DATA ::
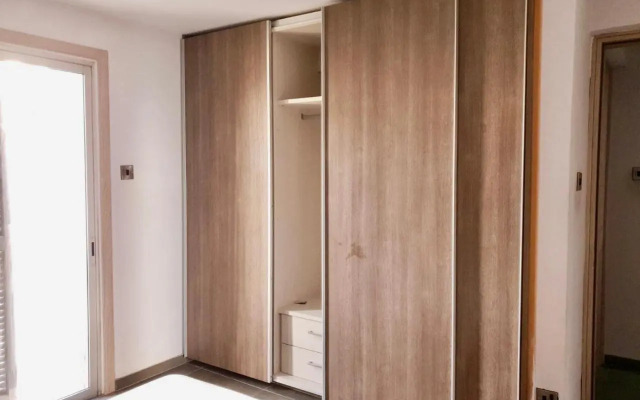 Renovated 2-bedroom flat with free parking, center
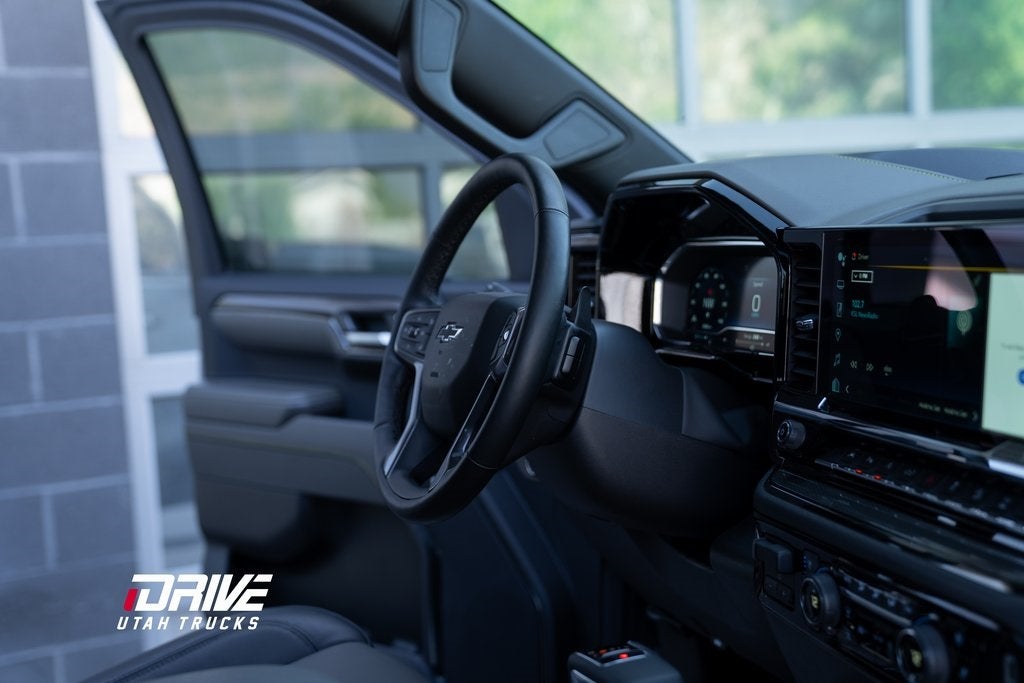 2024 Chevrolet Silverado 1500 ZR2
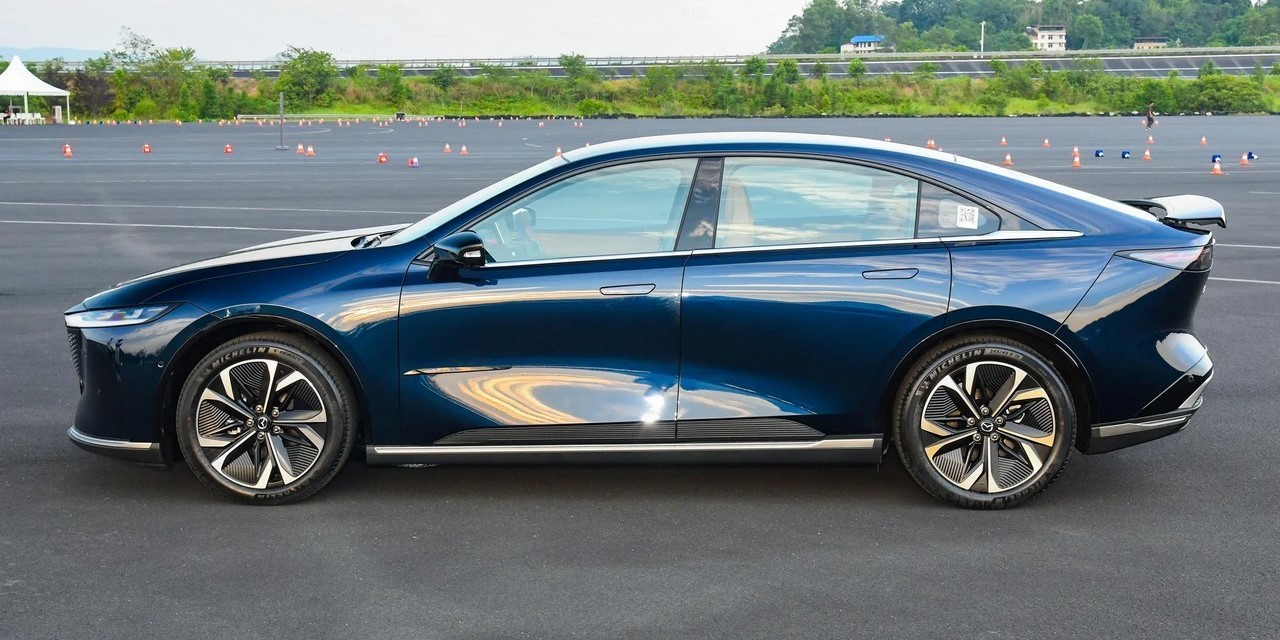 Mazda EZ-6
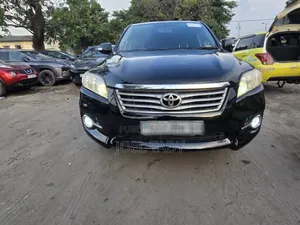 Toyota Vanguard 2015 Black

AIM OF THE TASK ::
Would you copy all of the data exactly? Keep the pictures out of it.

RESPONSE ::
 Renovated 2-bedroom flat with free parking, center
 2024 Chevrolet Silverado 1500 ZR2
 Mazda EZ-6
 Toyota Vanguard 2015 Black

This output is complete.